**Aim of the exercise**
From the data below, set down exactly the lines between the one holding "Fluorita esfera cristal" and the one holding "Men’s multi-textured CM20", inclusive, and no others.
┌──
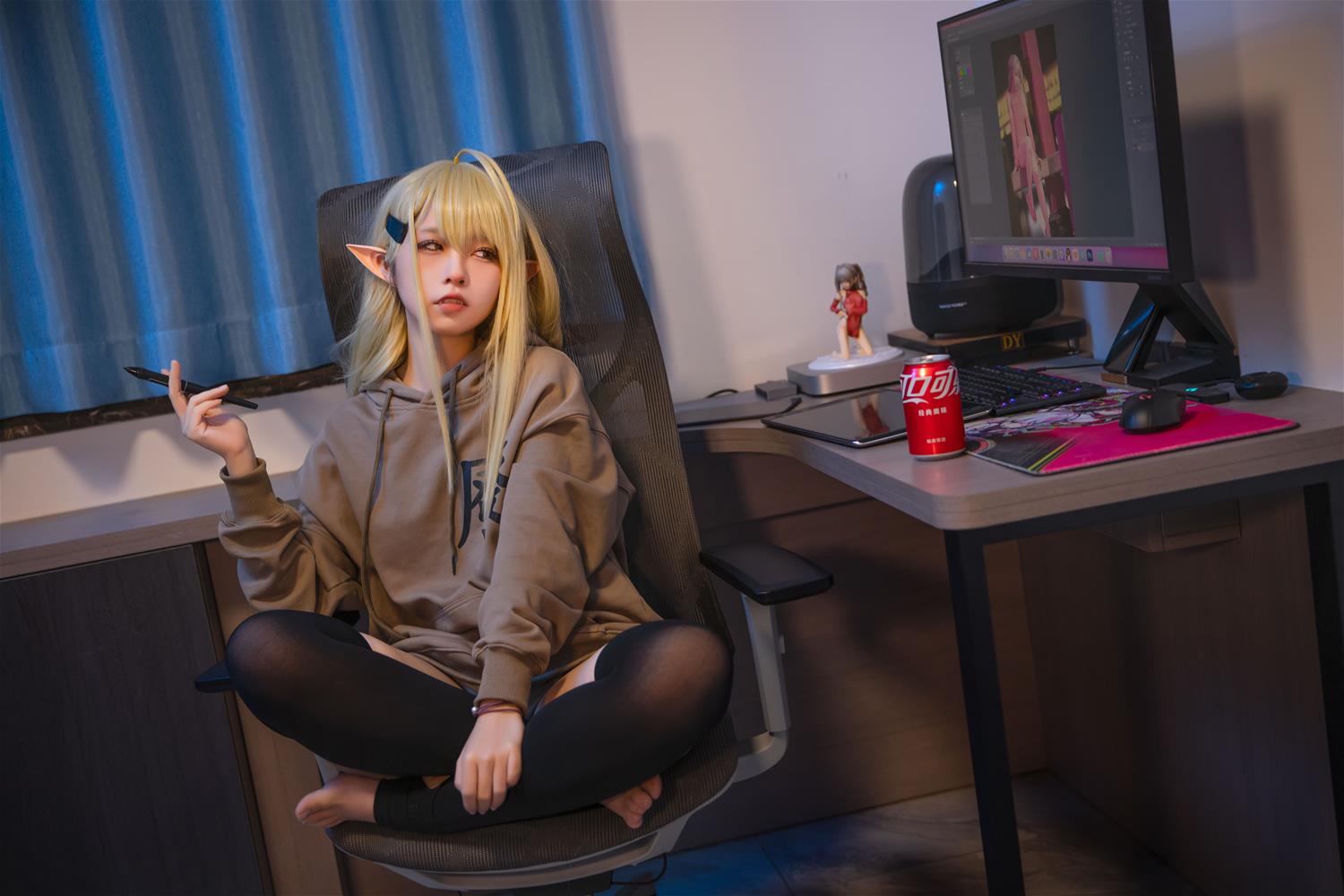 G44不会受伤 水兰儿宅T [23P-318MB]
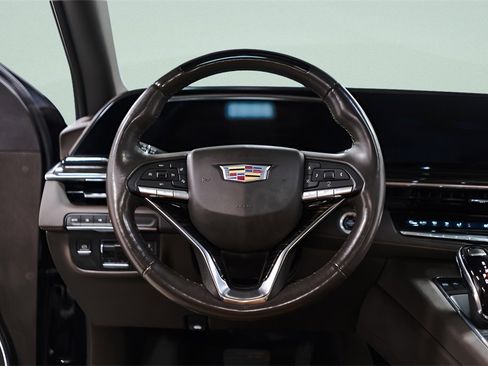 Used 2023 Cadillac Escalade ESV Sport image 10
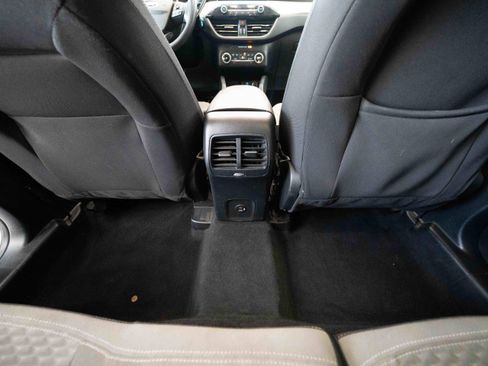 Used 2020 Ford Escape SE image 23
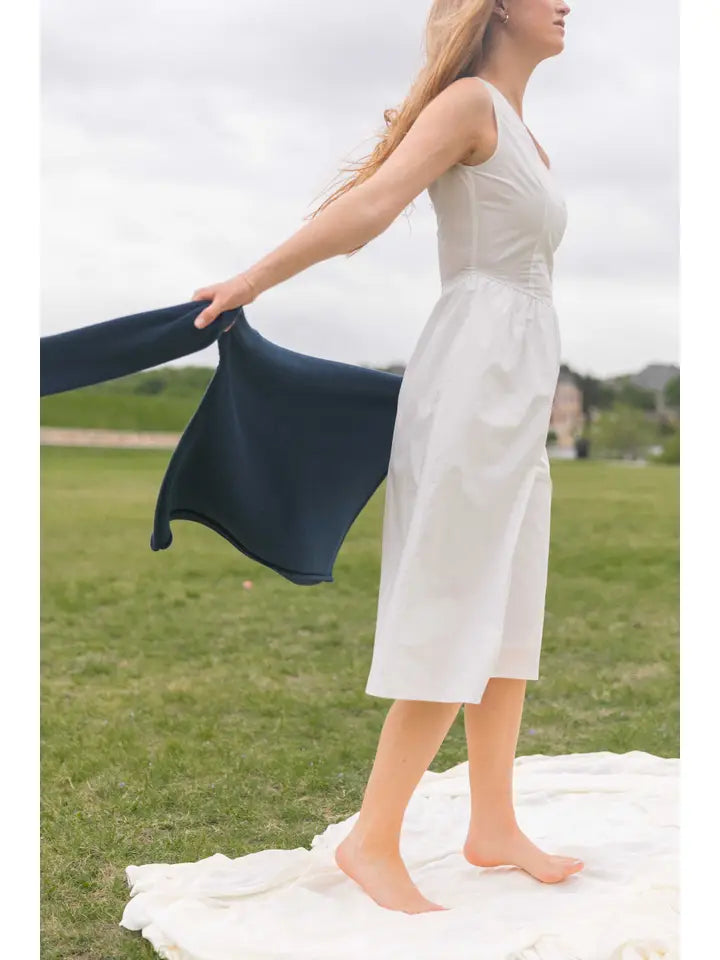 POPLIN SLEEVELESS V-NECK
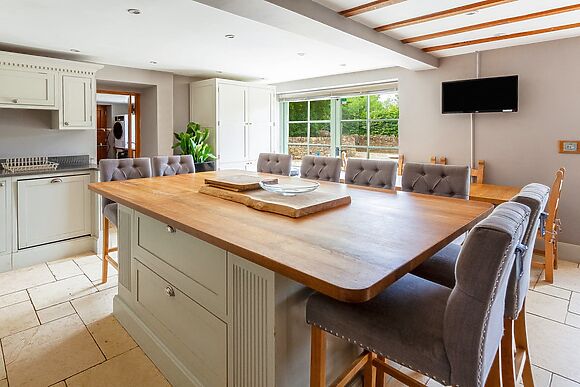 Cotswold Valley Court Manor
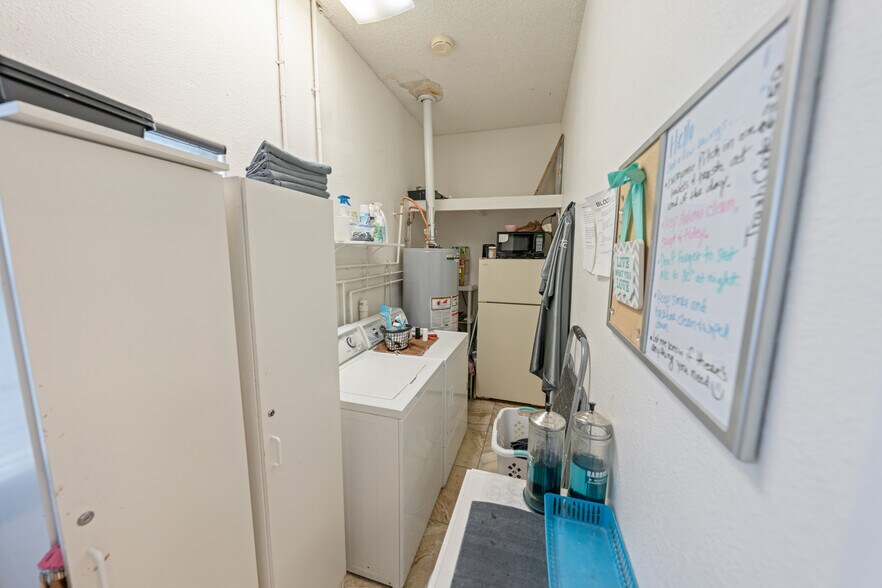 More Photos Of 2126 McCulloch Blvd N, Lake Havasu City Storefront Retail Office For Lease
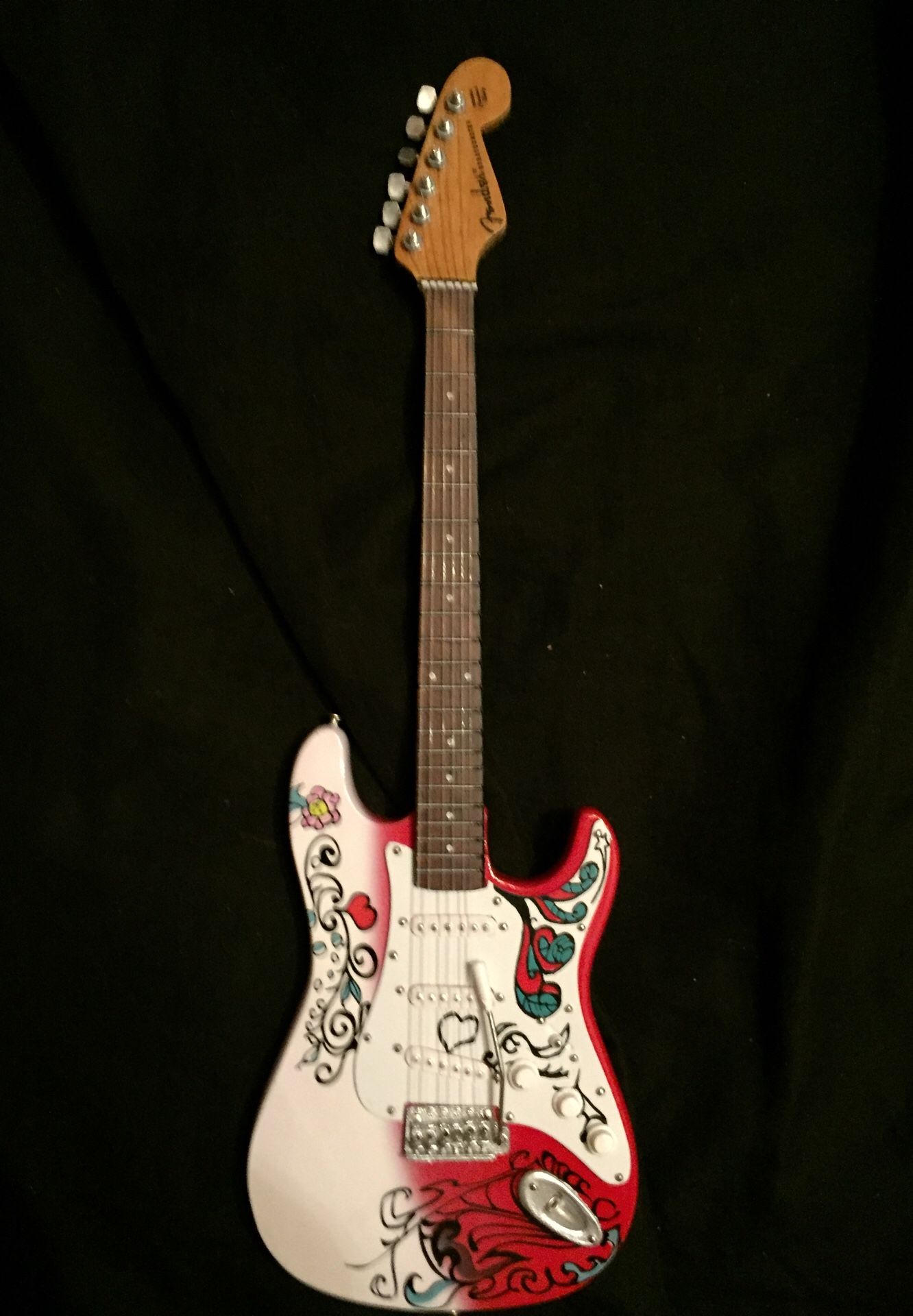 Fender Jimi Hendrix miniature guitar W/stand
└──
┌──
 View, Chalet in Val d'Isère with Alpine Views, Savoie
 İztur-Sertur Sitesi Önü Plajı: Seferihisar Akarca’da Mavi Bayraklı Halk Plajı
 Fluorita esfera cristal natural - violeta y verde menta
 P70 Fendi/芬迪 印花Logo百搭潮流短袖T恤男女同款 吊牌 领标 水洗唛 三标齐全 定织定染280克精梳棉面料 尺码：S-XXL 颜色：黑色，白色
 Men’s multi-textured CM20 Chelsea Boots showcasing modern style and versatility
└──
**Reply to the exercise**
 Fluorita esfera cristal natural - violeta y verde menta
 P70 Fendi/芬迪 印花Logo百搭潮流短袖T恤男女同款 吊牌 领标 水洗唛 三标齐全 定织定染280克精梳棉面料 尺码：S-XXL 颜色：黑色，白色
 Men’s multi-textured CM20 Chelsea Boots showcasing modern style and versatility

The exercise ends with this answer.